Lou Barlow was having his way - no ifs, ands or buts. "I was just absolutely inflexible about it," Barlow said of assigning himself as opening act for Dinosaur Jr.'s fall tour.
Lou Barlow was having his way - no ifs, ands or buts.
"I was just absolutely inflexible about it," Barlow said of assigning himself as opening act for Dinosaur Jr.'s fall tour.
After releasing the introspective, acoustic Emoh in 2005, Barlow put his personal music on hold to reunite with the original Dinosaur Jr. lineup of singer-guitarist J Mascis and drummer Murph for the first time since their acrimonious split in 1989.
The trio has since produced two albums, 2007's Beyond and this year's Farm. The records sidestepped the reunion jinx and rekindled the genius of Dinosaur's work in the 1980s, when they ably applied the sludgy heaviness of hardcore to tuneful, classic rock-inspired songwriting.
With Dinosaur a going concern again, Barlow has had less time for other interests. He's spent much of his non-Dinosaur time in recent years touring with his other legendary indie-rock project, Sebadoh, but this year he finally got back to solo work.
His latest album, Goodnight Unknown, dropped this week. It's a 14-song sample platter of Barlow's career, with noisy guitar rock, folksy balladry and lo-fi pop united by his gloomy but hopeful outlook.
"With this record I wasn't really too concerned with reinventing myself," Barlow said. "On Emoh, I think it was a bit more of a traditional singer-songwriter record. On this record, I kind of wanted to make a record that was traditional to me."
With a new Dinosaur album out and a solo record to promote, Barlow was eager to combine the pursuits. So he recruited Mike Watt's touring band the Missingmen as his backing band and proclaimed himself the opening act for the Dinosaur tour that stops at the Newport on Saturday.

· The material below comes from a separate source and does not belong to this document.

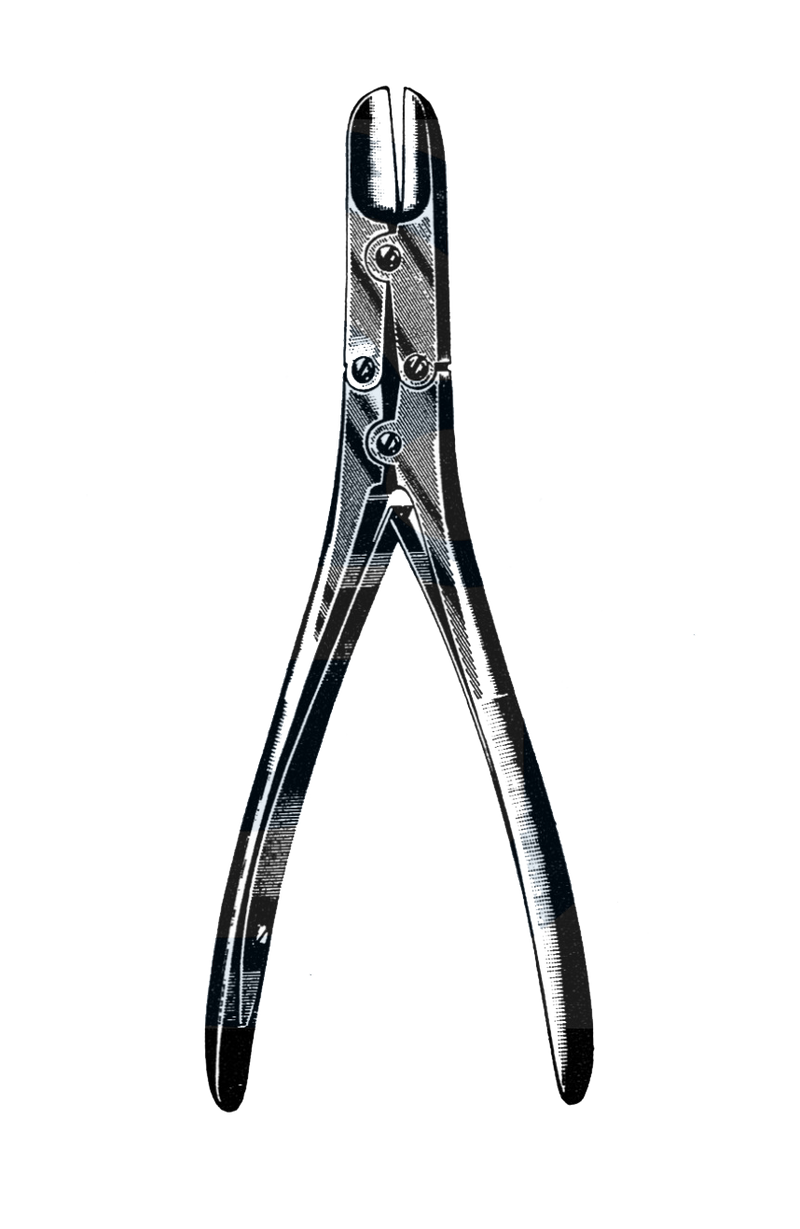 Ruskin-Liston Bone Cutting Forceps, Straight 6" (15.5 cm) - Garana Industries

"Before I started doing this Dinosaur reunion, I was sort of on a parallel place with J," Barlow said. "Now it's like I need to be back on that parallel. I can't just be the bass player for Dinosaur Jr. I love it. I totally love Dinosaur Jr. I love playing in the band. But I also think it makes perfect sense for me to open up these shows.
"I just sort of forced it on the band. I'm like, This is what's going to happen. What do you think? Actually, don't tell me what you think because I don't care," Barlow added. "And my band's going to be on the bus with us. What do you think about that? Well, don't tell me because I don't care. If you've got a problem with it, I'm walking."
Mascis and Murph originally objected because they didn't want to listen to the same opening band for an entire tour. After Barlow pointed out that they never watch the opening band anyway, they relented.
He was careful to note that this good-natured squabbling was nothing like the group's bile-spitting feuds of yore.
"We're the same guys. It's the same dynamic ... It's just not evil anymore," he said. "We just have perspective. We kind of know what's important."
Despite his many projects - he's also toured and recorded under the names Sentridoh and The Folk Implosion - Barlow has never pulled double duty on a tour before.
"I think it kind of feels like I've done it before because when Sebadoh used to go on tour, we would play forever," he said. "We would chase people out of clubs, basically. We would play for three hours, easy. Dinosaur only plays for 70 minutes or so - 70 or 80 minutes."
With another kid on the way next year and some prolonged time at home with the family on his agenda, Barlow is eager to take advantage of this window.
"I've been waiting for four years to do something like this," Barlow said. "I put everything on hold to get Dinosaur reestablished. Now I just want a little bit back."